Back to where it came from

Our analysis found that the majority of accounts in the top 10 (five out of 10) will pay the money back into the account you transferred the cash from in the first place. 

The trouble is that if you don't reinvest the money after it lands back in your account, it's likely you'll be earning little or no interest at all on your lump sum.

The longer the bond, the bigger the risk

Bonds lasting more than a couple of years could easily slip savers' minds and our analysis showed these products were more likely to have a policy to push funds into a lower interest account upon maturity. We found funds held in six out of the top 10 five-year fixes are transferred into either an easy access or variable rate 'holding account' when the term is up.

What switching inertia could cost you

Savings rates have skyrocketed over the last two years, hitting highs in 2023 not seen for 15 years. But with inflation falling and the Bank of England base rate frozen at its current level, interest on fixed accounts is now falling. 

According to Moneyfacts, the average one-year fixed bond has now dipped to 5.36% AER, as of 1 November - the first time it has dropped since April 2021. The average longer-term fixed bond has also fallen for a consecutive month to 5.02%. These are the biggest month-on-month falls since December 2020.

Savers whose bonds have matured should take action now to grab the best high-interest deal before rates drop even further. Failing to do so could potentially cost hundreds of pounds.

For example, someone opening a one-year account that pays today's average rate, with a deposit of £10,000, will earn £549 over the course of 12 months. If your money is moved to an easy-access account and you're lucky enough to get the current average rate of 3.18% AER, you'd still be £226 worse off than if you'd opened an average one-year fix.

Find out more: 

How to keep track of fixed savings bonds

Keep a list

A good way to keep track of all your financial accounts is to make a list of the accounts you have now along with their policies. Make sure you keep all important paperwork in one place so you can easily find information and contact details when you need it in future. 

Check the small print

Remember to also check the small print before you open an account so you're fully aware of what happens when the bond matures. If you're happy with the setup, then make a note in your diary of the date the term ends or set an alert on your phone a couple of weeks before. You can then start planning what you want to do with the cash and move the funds somewhere that suits you best.

Consider a savings platform

Finally, if you are spreading your savings around and opening multiple accounts, then consider signing up to a savings platform. These websites not only help you source market-leading accounts, but once you're registered, you'll only have one set of login information to remember. And to ensure your savings don't languish in a low-paying account - the platform will usually get in touch to remind you when any bonds are due to mature. 
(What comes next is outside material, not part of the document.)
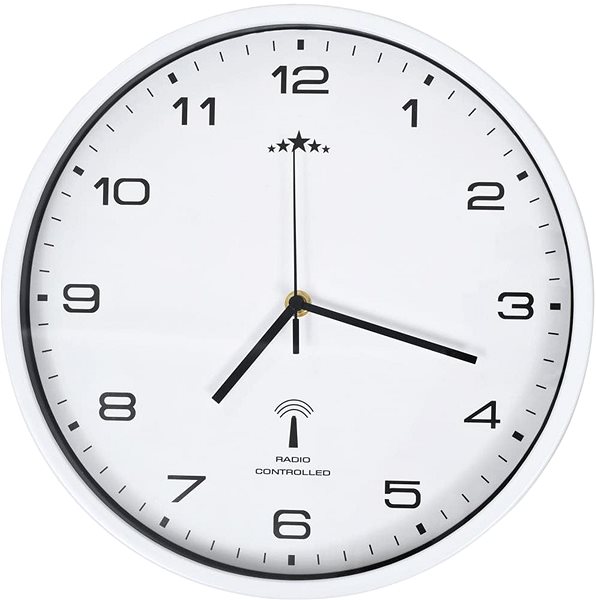 Nástenné hodiny Rádiom riadené nástenné hodiny so strojčekom Quartz 31 cm biele Screen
However, the convenience offered by savings platforms comes with a few caveats. Because savings platforms work with a set number of banks and building societies, you could easily miss a top rate offered by a provider not listed on the website. 

Also, watch out for fees. While some platforms such as Raisin and Aviva Save are free to use, others charge a 'platform fee' for their services. That's often taken as a cut of the interest offered, done before displaying the rates on its site. Others, like Akoni, take a percentage of your savings - how much varies though. 

Find out more: 

How do I find lost savings?

If you know which bank or building society held your account, contact them directly and ask how you can make a claim. They may also have paper forms available.

However, if you know you have money squirreled away but can't remember where you put it, then the My Lost Account service can help you search for forgotten savings pots from banks, building societies and National Savings and Investments (NS&I). 

The service, which is a joint venture by the British Bankers’ Association, the Building Societies Association and NS&I, can take up to three months to complete, but getting started is straightforward and free.